CONSOLIDATION, MERGER OR SALE OF ASSETS

    We may not consolidate or merge with or into, or sell, assign, convey or
transfer our properties and assets substantially in their entirety (computed on
a consolidated basis) to another corporation, person or entity unless:

    - in the case of a consolidation or merger, (a) we are the surviving
      corporation, or (b) the successor or transferree is an entity organized
      and validly existing under the laws of the United States, any State
      thereof or the District of Columbia and expressly assumes our obligations
      under the debt securities and the indenture; and

    - immediately after giving effect to the transaction, no event of default
      exists.

EVENTS OF DEFAULT

    Each of the following is an Event of Default with respect to a series of
debt securities:

    - default in the payment of any interest upon any debt security of that
      series when it becomes due and payable, and continuance of that default
      for a period of 30 days;

    - default in the payment of principal of or premium on any debt security of
      that series when due and payable;

    - default in the deposit of any sinking fund payment, when and as due in
      respect of any debt security of that series;

    - default in the performance or breach by us of any other covenant or
      warranty in the indenture (other than a covenant or warranty that has been
      included in the indenture solely for the benefit of a series of debt
      securities other than that series), which default continues uncured for a
      period of 60 days after we receive written notice from the trustee or we
      and the trustee receive written notice from the holders of at least 25% in
      principal amount of the outstanding debt securities of that series as
      provided in the indenture;

    - the acceleration of the maturity date of any of our indebtedness, other
      than Non-recourse Indebtedness (as defined below), at any one time, in an
      amount exceeding the greater of (1) $25 million and (2) 5% of Consolidated
      Net Tangible Assets (as defined below), if the acceleration is not
      annulled within 30 days thereafter;

    - certain events of bankruptcy, insolvency or reorganization; and

    - any other Event of Default provided with respect to debt securities of
      that series that is described in the applicable prospectus supplement
      accompanying this prospectus.

    "Non-recourse Indebtedness" means indebtedness the terms of which provide
    that the lender's claim for repayment of such indebtedness is limited solely
    to a claim against the property which secures such indebtedness.

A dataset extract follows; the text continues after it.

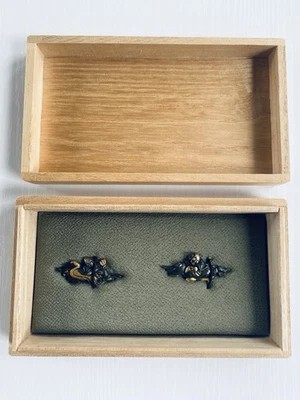 Japanese Edo Period Mythical Figures Menuki For Sword Katana Matched Pair - Image 1 of 4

    "Consolidated Net Tangible Assets" means the total amount of assets
    (including investments in Joint Ventures) of the Company and its
    subsidiaries (less applicable depreciation, amortization and other valuation
    reserves) after deducting therefrom (a) all current liabilities of the
    Company and its

                                       6
<PAGE>
    subsidiaries (excluding (i) the current portion of long-term indebtedness,
    (ii) intercompany liabilities and (iii) any liabilities which are by their
    terms renewable or extendible at the option of the obligor thereon to a time
    more than 12 months from the time as of which the amount thereof is being
    computed) and (b) all goodwill, trade names, trademarks, patents,
    unamortized debt discount and any other like intangibles, all as set forth
    on the most recent consolidated balance sheet of the Company and computed in
    accordance with generally accepted accounting principles.

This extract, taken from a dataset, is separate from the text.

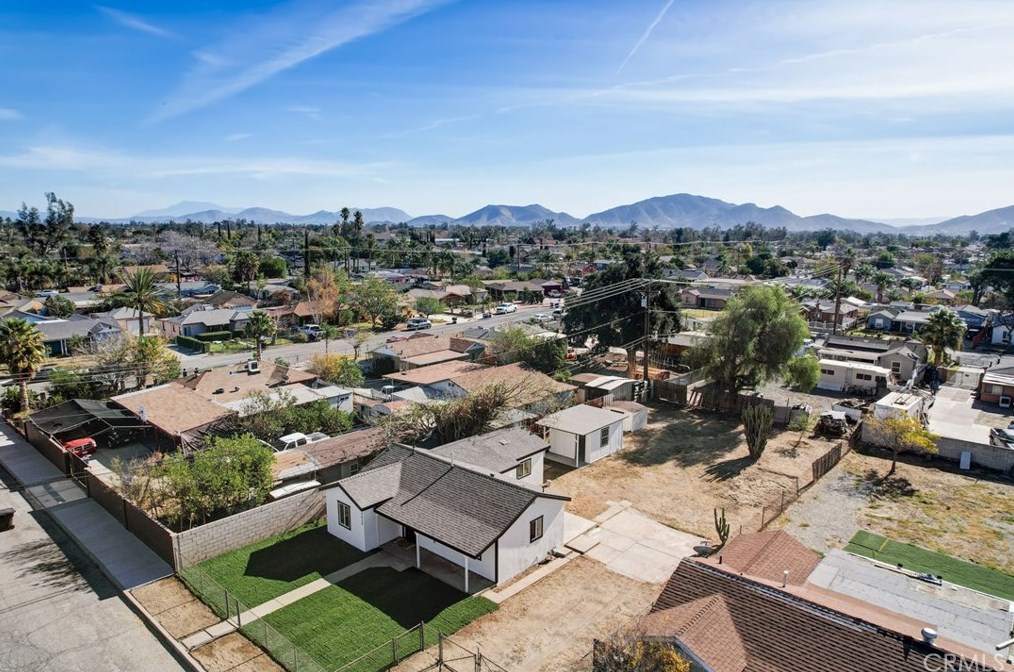 15025 Orchid St, Fontana CA  92335-4225 exterior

    If an Event of Default with respect to outstanding debt securities of any
series occurs and is continuing, then the trustee or the holders of at least 25%
in principal amount of outstanding debt securities of that series may declare,
in a written notice, the principal amount (or specified amount) plus accrued and
unpaid interest (and premium, if payable) on all debt securities of that series
to be immediately due and payable. At any time after a declaration of
acceleration with respect to debt securities of any series has been made, the
holders of a majority in principal amount of the outstanding debt securities of
that series may rescind and annul the acceleration if:

    - the holders act before the trustee has obtained a judgment or decree for
      payment of the money due;

    - we have paid or deposited with the trustee a sum sufficient to pay overdue
      interest and overdue principal other than the accelerated interest and
      principal; and

    - we have cured or the holders have waived all Events of Default, other than
      the non-payment of accelerated principal and interest with respect to debt
      securities of that series, as provided in the indenture.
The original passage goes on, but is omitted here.